Friday I was expecting overcast conditions but awoke to sunshine so I dropped down onto the seafront to check out the scrub. Fortunately as I arrived a flock of tits and crests were moving through with one of the firecrests showing very well for about 2 minutes.
The flock soon moved on so I left to check out the red-breasted merganser at Dover Harbour.
It seems this RBM has been there for a number of weeks but I only heard about it this week - not having a smart phone the only tweets I hear about are from the birds themselves. Anyway I arrived, it was there, it came close but overall despite trying all sorts of camera settings the shots were a disappoint. This may have been due to the dull conditions, slow shutter speeds, the need for high ISO settings or the general problem I have of getting decent shots at the harbour. Overall the outcome of this session was a lot of pictures to delete.
Saturday was a lot brighter so I returned to the harbour for another go. Better shutter speeds this time and lower ISO settings but again a lot of the shots were disappointing - I'm sure the reflected glare from the water as you look down on the bird is the main cause of the problems because if you ever get the opportunity to take some shots from one of the pontoons (ie at water level) they are far better. Anyway I at least I managed a few acceptable images.
Sunday dawned quite bright at Kingsdown with the forecast suggesting it would cloud up as the day progressed. Needing some exercise I thought another walk along the beach at Sandwich to look for snow buntings, shore larks and Dartford warblers could be rewarding. This plan lasted all the way to the Cinque Ports Golf Club which was where the fog began and got steadily worse as I approached the Observatory.
It was so bad at the Obs I didn't even get the gear out of the car.
The fog cleared as I drove south so I decided to go to South Foreland to look for the Snow bunting that had been reported there.
I must admit my expections were dampened as I arrived as there were a large group of party goers on the approach track - seems they had pulled a haloween open-air all-nighter and were all a bit the worse for wear. The good news was none of them had actually reached South Foreland light house .......and the sun was shining.
I'd only gone 50 yards along the track when I spotted the snow bunting feeding on the track. It let me get to around 20 yards away then held that distance. If I stopped it stopped. If I approached it hopped along at the same rate. Hmmmm what now.
After a while I spotted some dog walkers coming towards me from the other side of the bird. So I got low and waited hoping they would drive the bird in my direction. But no. These were considerate walkers and when they spotted the bird they put the dog on a lead and moved into the field to get past it and not disturb my "fun". Once past they came back to me and we had a chat and chuckle about what had just occurred.
Then a jogger came along from the same direction. I knew this wouldn't be any use and it wasn't. The bird flew out over the field but came back to the path south of me.
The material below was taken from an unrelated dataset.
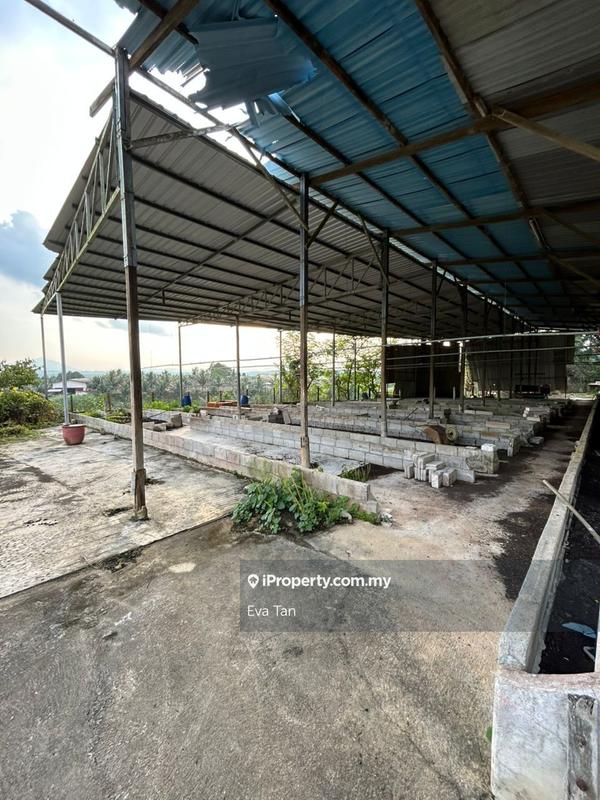 Agricultural Land for Sale in Kuala Sedili, Mawai, Kota Tinggi by Eva Tan - iProperty.com.my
Eventually Steve Raynaert turned up and I pointed the bird out to him. Since I had a few shots (though none were that good) I told him to wait where he was and I'd get behind the bird and shoo it towards him. This was working quite well until it decided it didn't want to go any nearer to Steve and allowed me to approach much closer than I'd managed before (it obviously preferred me to Steve!).
Then another walker came along from behind Steve. Now this one didn't stop and ask what was going on until after he had flushed it. Even this was not the bad news it might seem because with me one side and Steve and the flusher the other it flew a few feet into the field very close to where I was standing. It didn't stay there long but the light was brilliant.
Just a shame England didn't make it to the world cup final.